きっと彼にもフラれる。二度も受験に失敗するようなあたしなんて。
会うのも怖くなって、メールにも電話にも出なかった。
そんなあたしをけなすわけでもなく、彼は毎日のように家にきてくれた。
八つ当たりだって、たくさんしたのに。
自分だって、ゼミやバイトで大変だったのに。
毎日やってきては「顔を見にきたよ」とだけ言って帰っていった。
「……いつまで続けるの?」
彼がそんな行動を半年ほど続けた頃、あたしは聞いた。
「実加が自分からでてくるまで」
まるで、生まれてくる赤ん坊を待ってるような言い方だった。
いつか必ず出てくることを疑いもしないような。
その日あたしは、自分が情けなくて悔しくて泣いた。
それでも、いつかを信じてくれていることがひどく嬉しくもあって。
あたしはそんな彼の行動に生きていく力を少しずつ貰って、穏やかな精神を取り戻すことができた。

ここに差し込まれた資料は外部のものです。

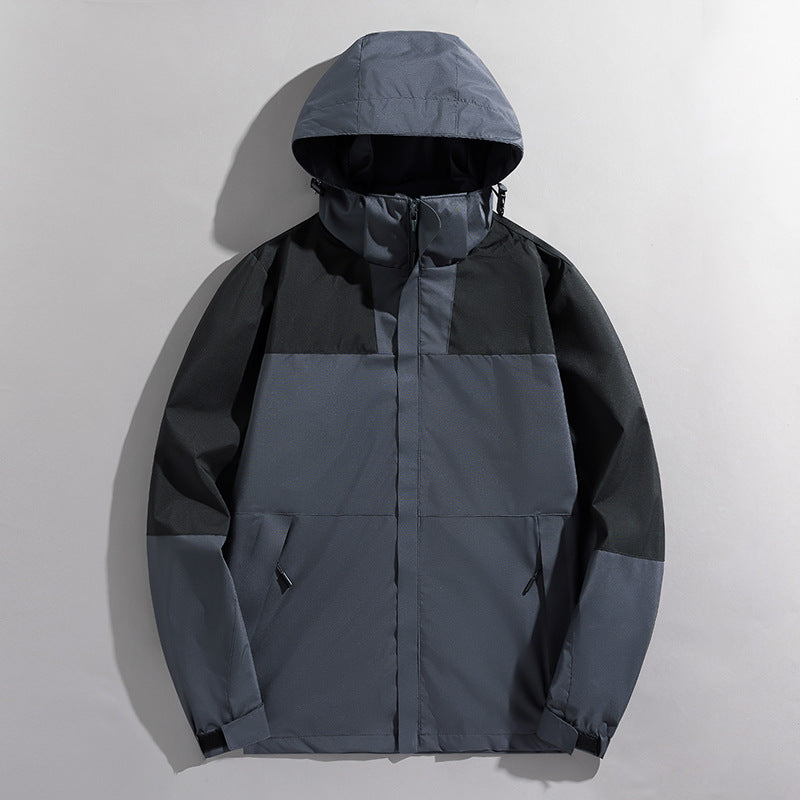 Herren zweilagige technische Kapuzen-Outdoorjacke mit hochschließendem Stehkragen und verstellbarer Kapuze Drune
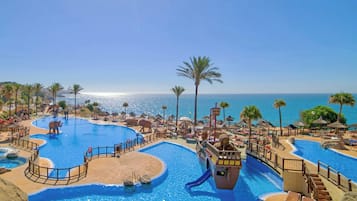 Een binnenzwembad, een buitenzwembad en ligstoelen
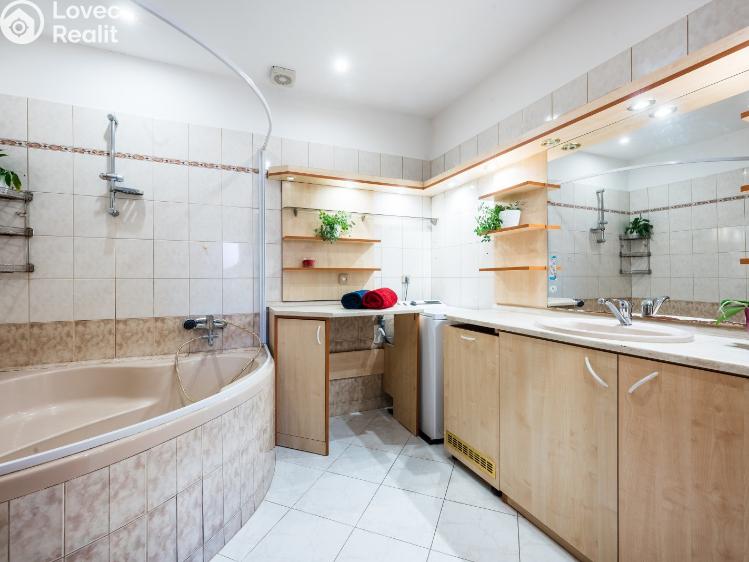 Prodej bytu 4+KK Rokytnice v Orlických horách, náměstí T. G. Masaryka č. 9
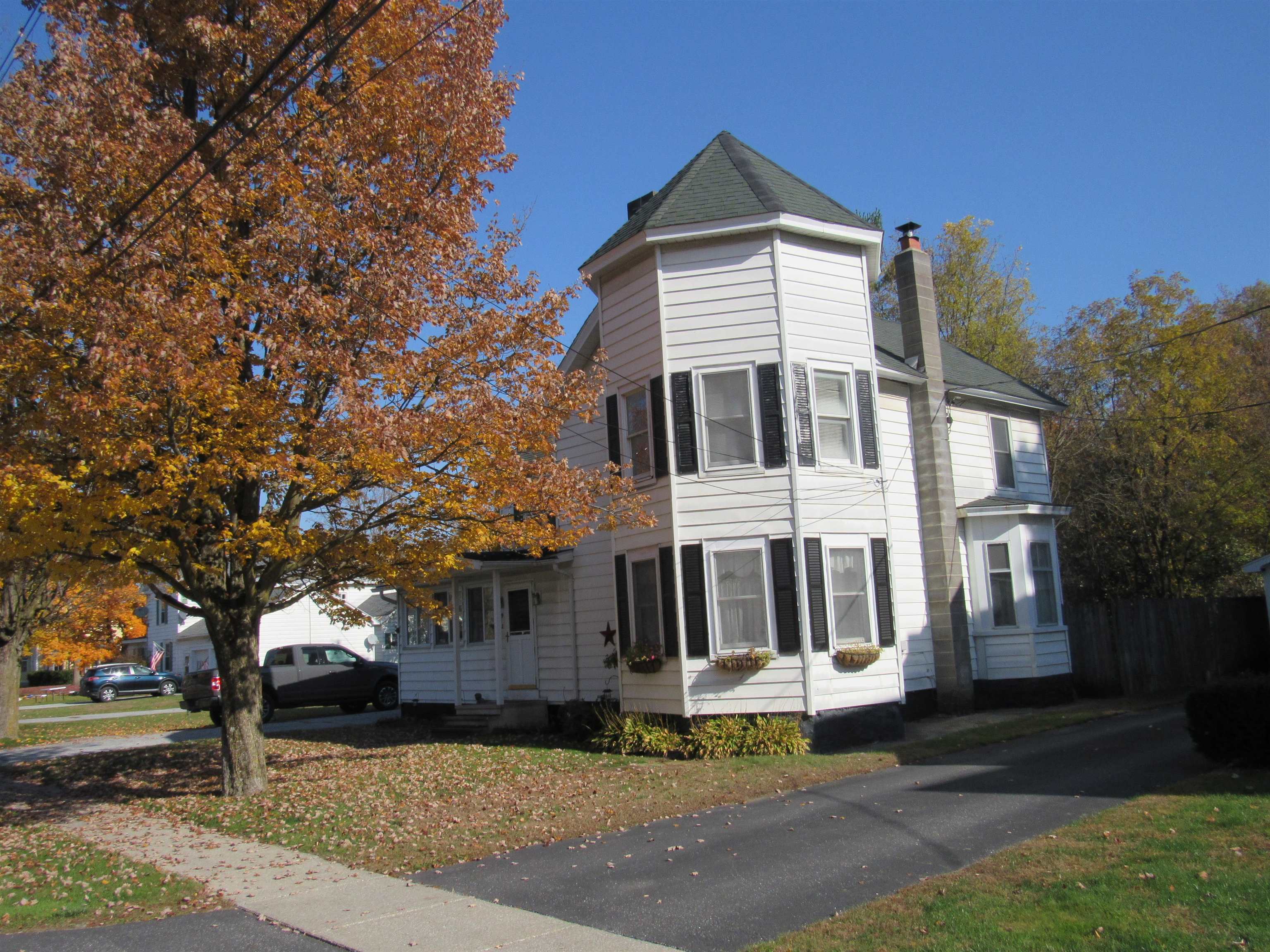 Property Photo:  9 Farrar Street  VT 05488 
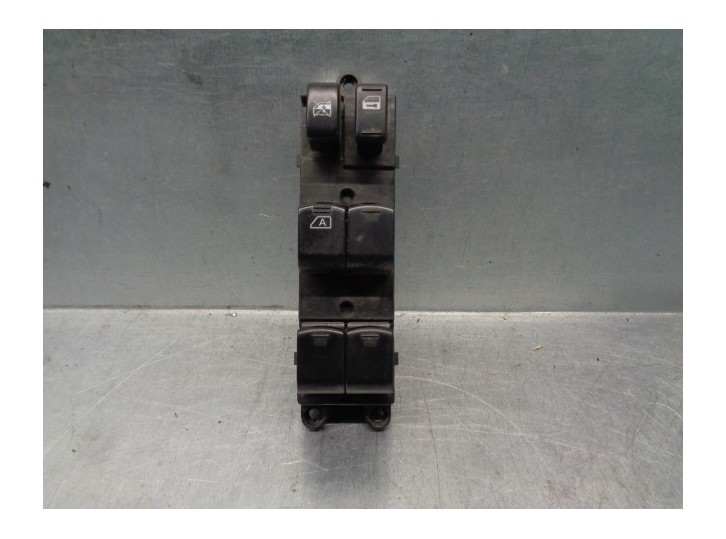 Replacement front left window regulator switch for Subaru Forester (SH_) 2.0 D AWD (SHH) OEM IAM reference 83071FG090 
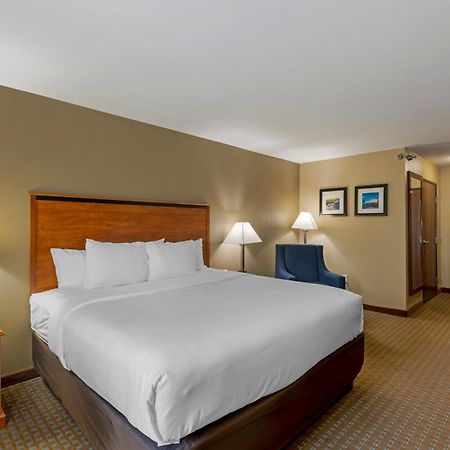 Comfort Inn & Suites Marion I-57 Bagian luar foto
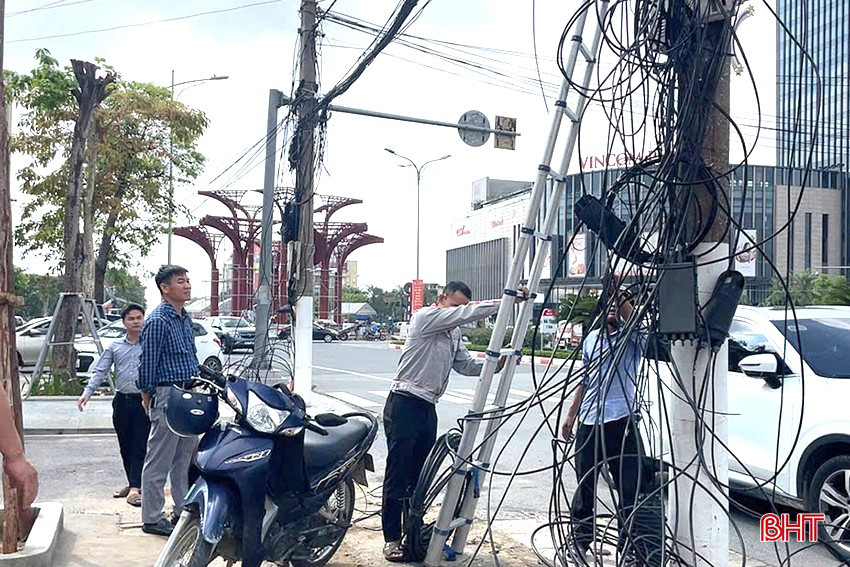 Các đơn vị kiểm tra, rà soát và xử lý "rác trên không". bqbht_br_6.jpg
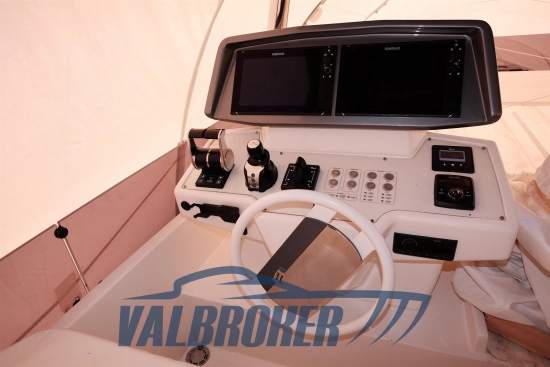 Ferretti 670 usado à venda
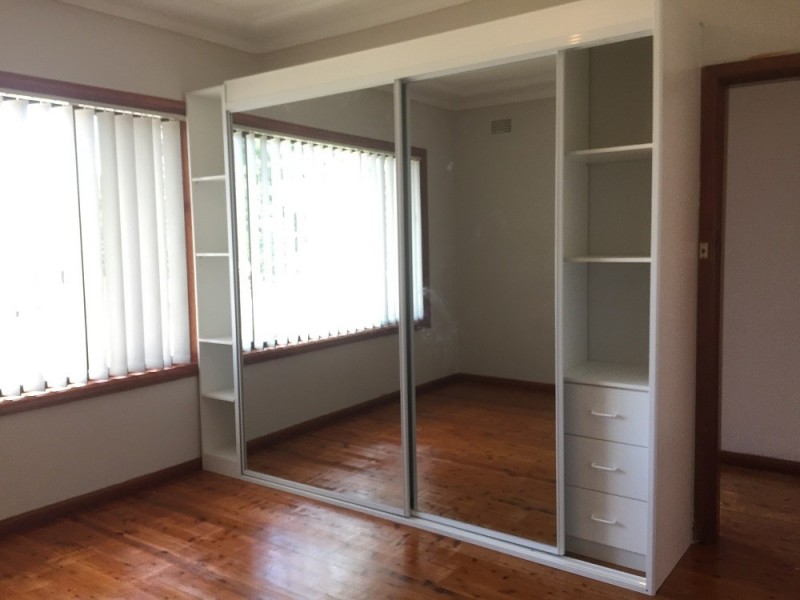 215 THE HORSLEY DRIVE, Fairfield NSW 2165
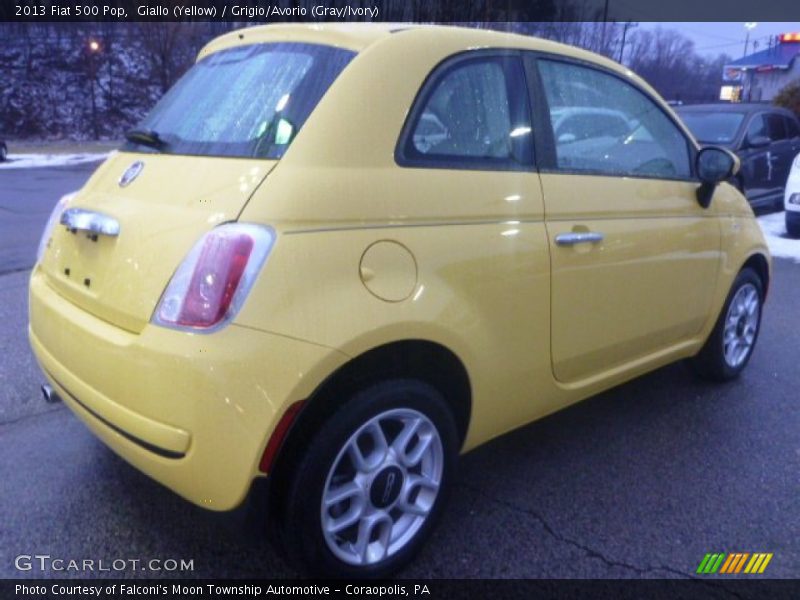 Giallo (Yellow) / Grigio/Avorio (Gray/Ivory) 2013 Fiat 500 Pop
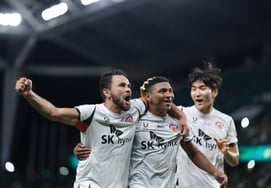 尽管南泰熙、权昌勋等9人离队,济州SK依然表现出色!7场不败挺进决赛A组排名……主帅科斯塔:“各位置均有得分是积极信号”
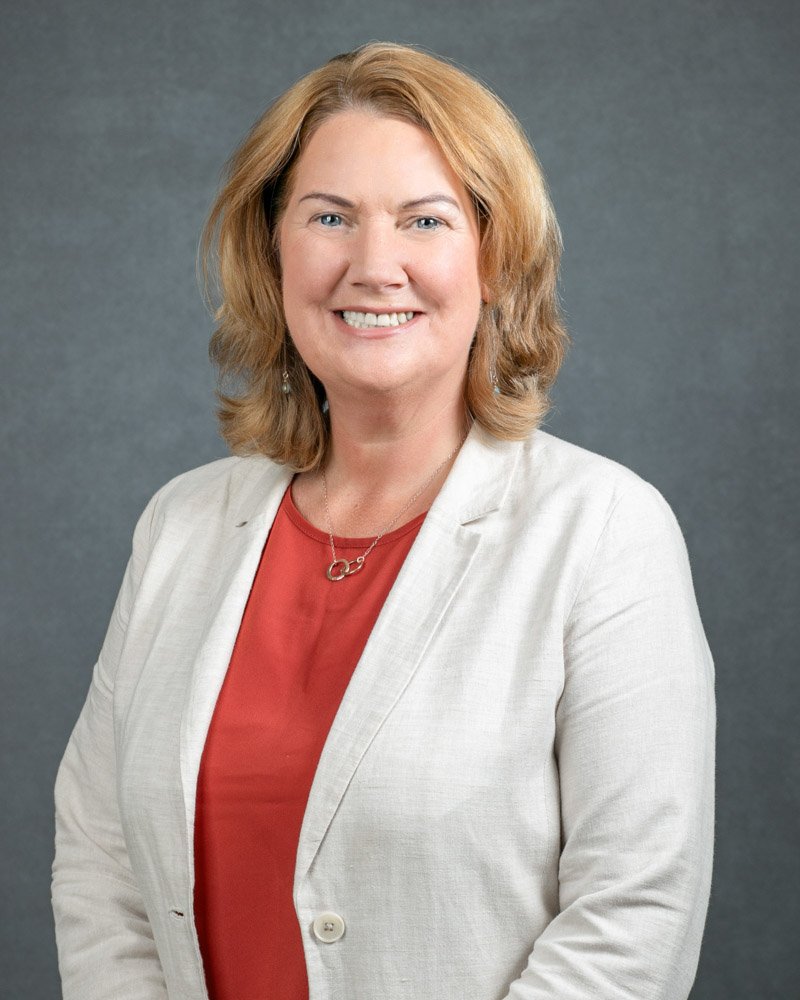 Executive-style team headshot from large corporate headshot day in Detroit=17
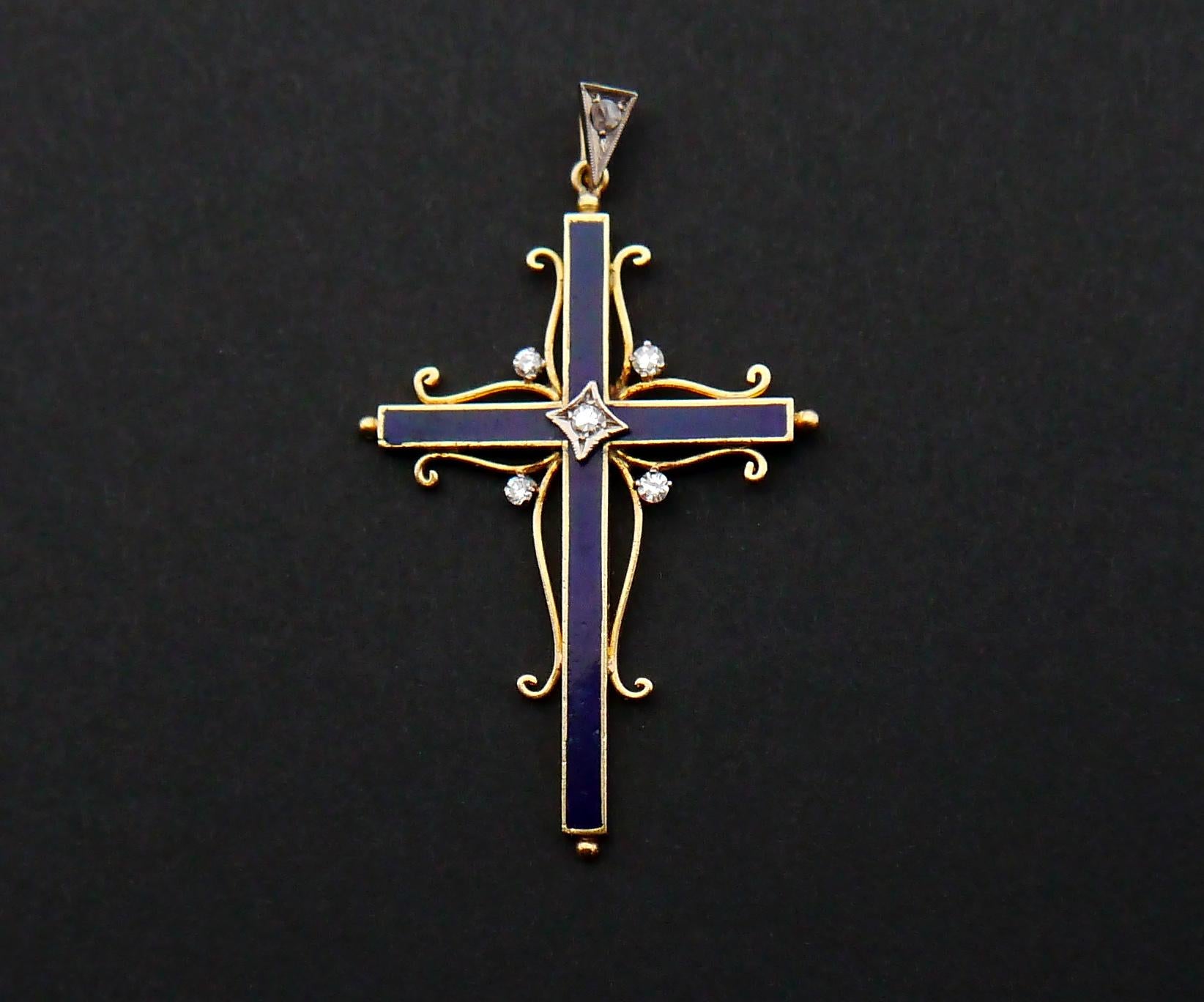 Antique Cross Crucifix Diamonds solid 18K Gold Blue Enamel  / 6.7 gr For Sale 3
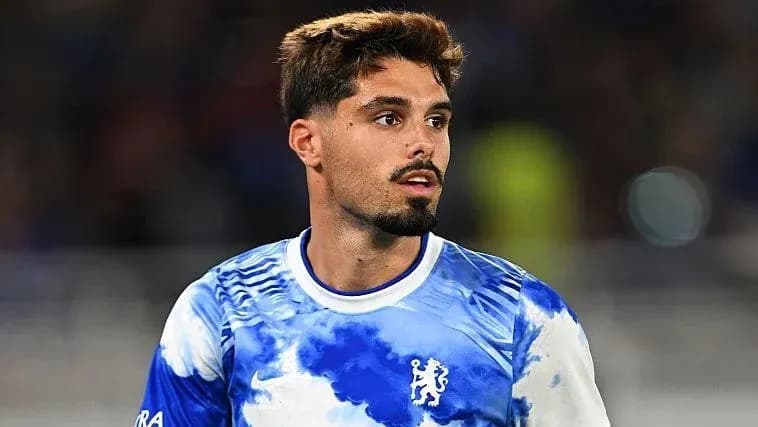 Futbolçu Chelsea formasında sahədə durur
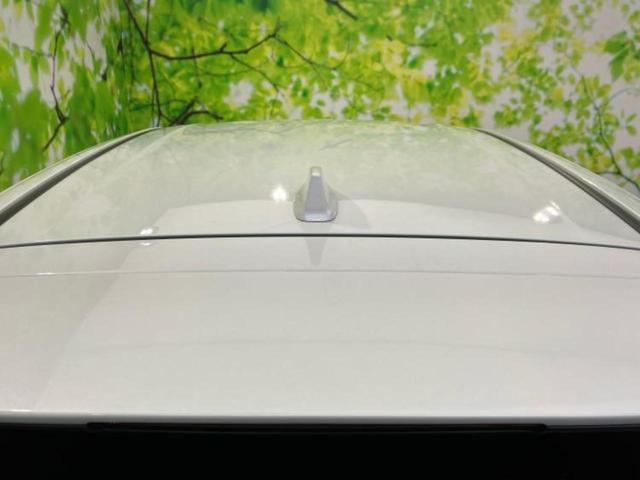 ヴェゼル ｅＨＥＶ　Ｚ　保証書／純正　９インチ　ナビ／ホンダセンシング／シートヒーター　前席／車線逸脱防止支援システム／シート　ハーフレザー／電動バックドア／登録済未使用車／ヘッドランプ　ＬＥＤ／ＵＳＢジャック　バックカメラ（44枚目）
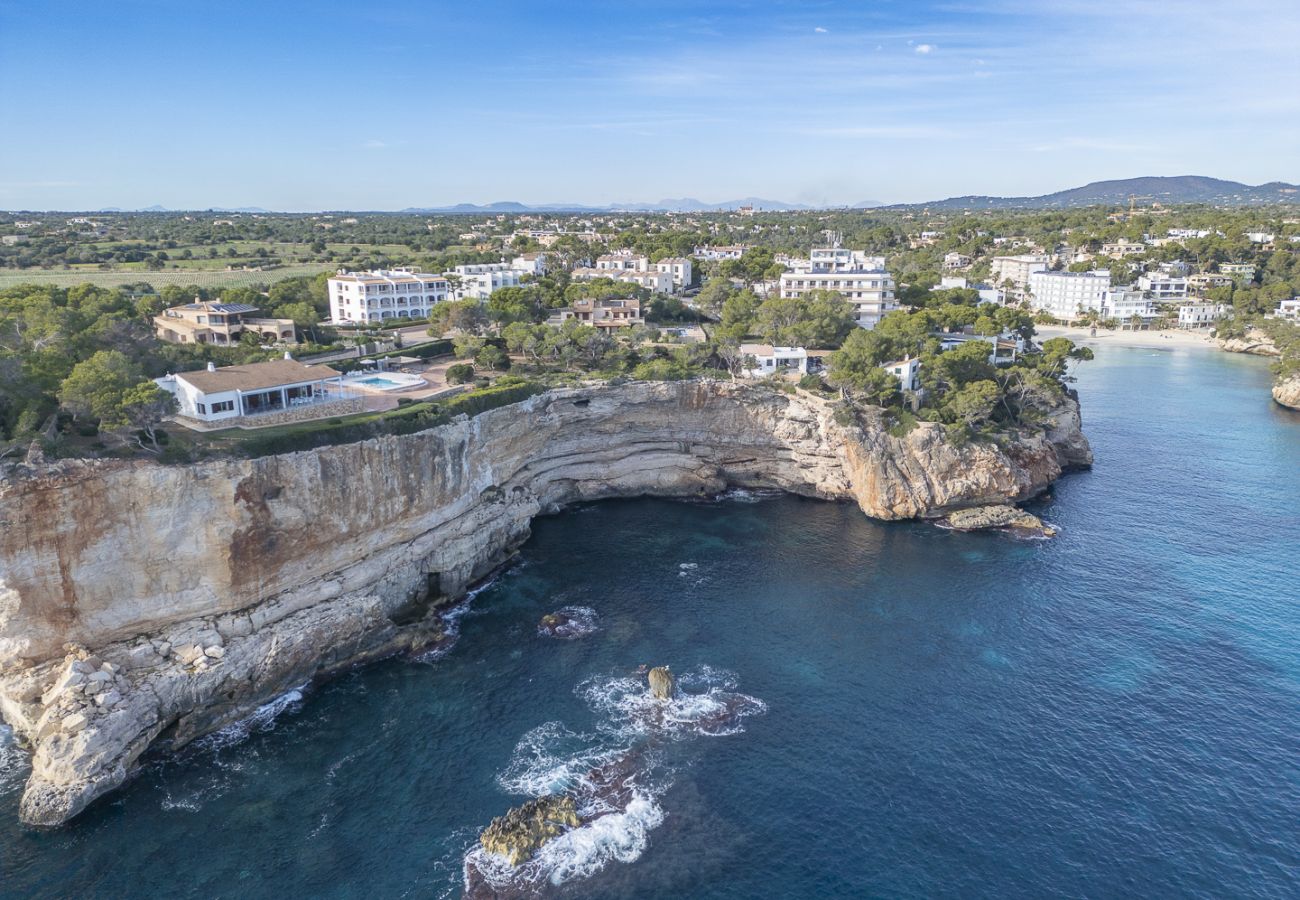 Villa in Cala Santanyi - Villa Can Ferrando Ferienhaus in Cala Santanyi n erster Meereslinie mit mediterranem Luxus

そして昨年、年の離れた兄が結婚して実家に住むようになり、必然的にあたしは家を出た。
その時借りたのがこの部屋。もちろん、理由が理由なので部屋代なんかは親が持ってくれた。
初めての、自分だけの部屋。
それは、新しいプランターに似ていた。
プランターに種を植えるように、あたしはここで新しいあたしを育てようと誓った。